#### REQUIRED WORK
Using the data beneath this instruction, retype only the lines from the one that contains "2110 S Halleys Court, Olathe, KS 66062 - #3" down to the one that contains "Salvage Chevrolet Traverse", both included, exactly as they appear.
[Opening RECORDS SHOWN section]
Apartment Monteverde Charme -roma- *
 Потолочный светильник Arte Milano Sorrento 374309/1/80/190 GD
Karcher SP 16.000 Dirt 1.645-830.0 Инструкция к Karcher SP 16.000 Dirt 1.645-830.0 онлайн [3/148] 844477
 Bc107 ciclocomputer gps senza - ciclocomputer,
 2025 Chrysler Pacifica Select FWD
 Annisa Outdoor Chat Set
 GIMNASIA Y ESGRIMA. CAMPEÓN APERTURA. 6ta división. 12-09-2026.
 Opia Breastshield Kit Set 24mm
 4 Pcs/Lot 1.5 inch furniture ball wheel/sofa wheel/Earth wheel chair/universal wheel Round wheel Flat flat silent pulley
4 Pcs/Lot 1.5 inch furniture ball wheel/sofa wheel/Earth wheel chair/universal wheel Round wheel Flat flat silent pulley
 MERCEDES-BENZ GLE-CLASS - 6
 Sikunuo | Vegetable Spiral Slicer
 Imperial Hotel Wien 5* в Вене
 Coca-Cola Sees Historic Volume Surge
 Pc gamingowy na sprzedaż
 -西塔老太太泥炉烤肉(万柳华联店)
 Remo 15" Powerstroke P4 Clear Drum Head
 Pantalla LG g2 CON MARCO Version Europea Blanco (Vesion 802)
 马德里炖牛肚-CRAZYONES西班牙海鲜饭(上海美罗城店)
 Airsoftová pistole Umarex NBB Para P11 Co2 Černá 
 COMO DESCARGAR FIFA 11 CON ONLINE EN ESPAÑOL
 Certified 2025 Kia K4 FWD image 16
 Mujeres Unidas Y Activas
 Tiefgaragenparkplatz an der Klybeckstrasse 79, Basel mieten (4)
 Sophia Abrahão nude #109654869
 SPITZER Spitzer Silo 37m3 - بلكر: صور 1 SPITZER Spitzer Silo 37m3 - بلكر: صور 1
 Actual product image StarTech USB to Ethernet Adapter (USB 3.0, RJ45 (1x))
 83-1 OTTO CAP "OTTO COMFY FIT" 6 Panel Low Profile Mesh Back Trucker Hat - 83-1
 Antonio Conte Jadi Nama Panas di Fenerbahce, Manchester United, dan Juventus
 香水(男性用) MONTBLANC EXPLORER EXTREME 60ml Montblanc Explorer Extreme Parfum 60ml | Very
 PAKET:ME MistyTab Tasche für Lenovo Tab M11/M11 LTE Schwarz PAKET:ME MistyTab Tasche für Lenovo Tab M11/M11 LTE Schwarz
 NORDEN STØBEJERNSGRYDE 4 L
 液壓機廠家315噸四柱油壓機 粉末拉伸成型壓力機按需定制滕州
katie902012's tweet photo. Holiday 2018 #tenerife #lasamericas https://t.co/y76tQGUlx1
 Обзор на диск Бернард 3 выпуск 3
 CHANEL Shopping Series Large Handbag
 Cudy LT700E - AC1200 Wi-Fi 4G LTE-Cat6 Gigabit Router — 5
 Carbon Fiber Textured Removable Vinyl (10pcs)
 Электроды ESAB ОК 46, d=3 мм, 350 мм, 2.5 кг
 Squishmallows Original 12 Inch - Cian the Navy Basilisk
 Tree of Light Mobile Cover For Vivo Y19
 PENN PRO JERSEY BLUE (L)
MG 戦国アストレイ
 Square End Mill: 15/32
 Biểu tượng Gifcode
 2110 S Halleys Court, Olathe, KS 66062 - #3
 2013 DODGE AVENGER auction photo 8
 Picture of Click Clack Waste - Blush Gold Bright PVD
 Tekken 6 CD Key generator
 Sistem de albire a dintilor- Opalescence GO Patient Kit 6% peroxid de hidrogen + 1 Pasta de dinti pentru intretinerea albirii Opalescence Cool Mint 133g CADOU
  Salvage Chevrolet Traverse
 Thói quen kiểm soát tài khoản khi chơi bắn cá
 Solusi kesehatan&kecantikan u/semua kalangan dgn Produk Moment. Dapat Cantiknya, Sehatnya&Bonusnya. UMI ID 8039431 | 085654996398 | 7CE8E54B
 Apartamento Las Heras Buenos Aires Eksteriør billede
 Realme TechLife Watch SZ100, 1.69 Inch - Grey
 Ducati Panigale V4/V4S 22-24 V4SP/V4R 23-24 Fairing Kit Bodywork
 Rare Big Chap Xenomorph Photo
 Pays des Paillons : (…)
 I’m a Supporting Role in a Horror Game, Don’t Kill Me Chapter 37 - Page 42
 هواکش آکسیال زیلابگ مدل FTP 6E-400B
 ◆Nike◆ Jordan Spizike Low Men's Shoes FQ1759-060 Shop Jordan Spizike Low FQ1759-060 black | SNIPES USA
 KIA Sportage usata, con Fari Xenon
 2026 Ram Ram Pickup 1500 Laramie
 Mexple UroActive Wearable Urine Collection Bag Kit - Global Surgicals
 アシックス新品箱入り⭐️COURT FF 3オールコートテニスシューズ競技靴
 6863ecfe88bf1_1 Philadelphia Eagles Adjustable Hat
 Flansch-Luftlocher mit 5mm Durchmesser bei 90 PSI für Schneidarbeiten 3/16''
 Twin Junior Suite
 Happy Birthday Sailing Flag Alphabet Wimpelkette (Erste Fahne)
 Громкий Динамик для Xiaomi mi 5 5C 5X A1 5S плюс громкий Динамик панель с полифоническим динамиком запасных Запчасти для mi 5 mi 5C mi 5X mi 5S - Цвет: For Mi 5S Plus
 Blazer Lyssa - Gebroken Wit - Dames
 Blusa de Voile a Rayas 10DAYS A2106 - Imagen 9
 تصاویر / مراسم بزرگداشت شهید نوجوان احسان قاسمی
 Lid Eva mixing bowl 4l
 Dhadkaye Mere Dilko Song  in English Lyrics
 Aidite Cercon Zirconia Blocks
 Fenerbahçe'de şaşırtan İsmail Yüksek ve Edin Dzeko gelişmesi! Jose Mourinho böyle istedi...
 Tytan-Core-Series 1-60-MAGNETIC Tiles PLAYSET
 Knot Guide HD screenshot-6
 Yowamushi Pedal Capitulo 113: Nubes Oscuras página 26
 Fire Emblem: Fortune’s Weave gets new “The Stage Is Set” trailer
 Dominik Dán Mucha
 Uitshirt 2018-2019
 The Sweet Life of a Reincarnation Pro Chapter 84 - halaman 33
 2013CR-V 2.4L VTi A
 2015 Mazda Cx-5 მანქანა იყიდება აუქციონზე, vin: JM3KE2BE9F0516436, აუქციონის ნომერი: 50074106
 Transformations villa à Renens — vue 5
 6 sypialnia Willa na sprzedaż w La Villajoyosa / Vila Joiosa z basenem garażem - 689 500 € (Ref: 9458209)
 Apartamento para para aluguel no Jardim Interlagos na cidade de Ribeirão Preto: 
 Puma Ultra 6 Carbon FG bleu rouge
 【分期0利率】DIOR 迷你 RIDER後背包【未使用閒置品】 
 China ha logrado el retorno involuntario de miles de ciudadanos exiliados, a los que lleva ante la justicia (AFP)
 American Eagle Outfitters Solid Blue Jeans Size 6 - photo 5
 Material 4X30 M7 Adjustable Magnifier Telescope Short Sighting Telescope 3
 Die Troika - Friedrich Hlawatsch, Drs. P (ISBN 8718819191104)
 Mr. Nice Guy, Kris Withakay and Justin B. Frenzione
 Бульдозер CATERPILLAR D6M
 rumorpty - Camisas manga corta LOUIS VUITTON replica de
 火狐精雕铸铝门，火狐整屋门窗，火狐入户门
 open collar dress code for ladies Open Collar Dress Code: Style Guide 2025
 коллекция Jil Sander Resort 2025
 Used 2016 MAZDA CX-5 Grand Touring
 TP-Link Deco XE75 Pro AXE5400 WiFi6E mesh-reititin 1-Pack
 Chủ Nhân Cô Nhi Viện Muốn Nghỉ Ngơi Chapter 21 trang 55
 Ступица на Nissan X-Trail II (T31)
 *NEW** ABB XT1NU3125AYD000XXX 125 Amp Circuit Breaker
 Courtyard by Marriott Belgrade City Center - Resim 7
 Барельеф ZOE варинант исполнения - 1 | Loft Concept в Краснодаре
[Closing RECORDS SHOWN section]
#### SOLUTION FOR THIS TASK
 2110 S Halleys Court, Olathe, KS 66062 - #3
 2013 DODGE AVENGER auction photo 8
 Picture of Click Clack Waste - Blush Gold Bright PVD
 Tekken 6 CD Key generator
 Sistem de albire a dintilor- Opalescence GO Patient Kit 6% peroxid de hidrogen + 1 Pasta de dinti pentru intretinerea albirii Opalescence Cool Mint 133g CADOU
  Salvage Chevrolet Traverse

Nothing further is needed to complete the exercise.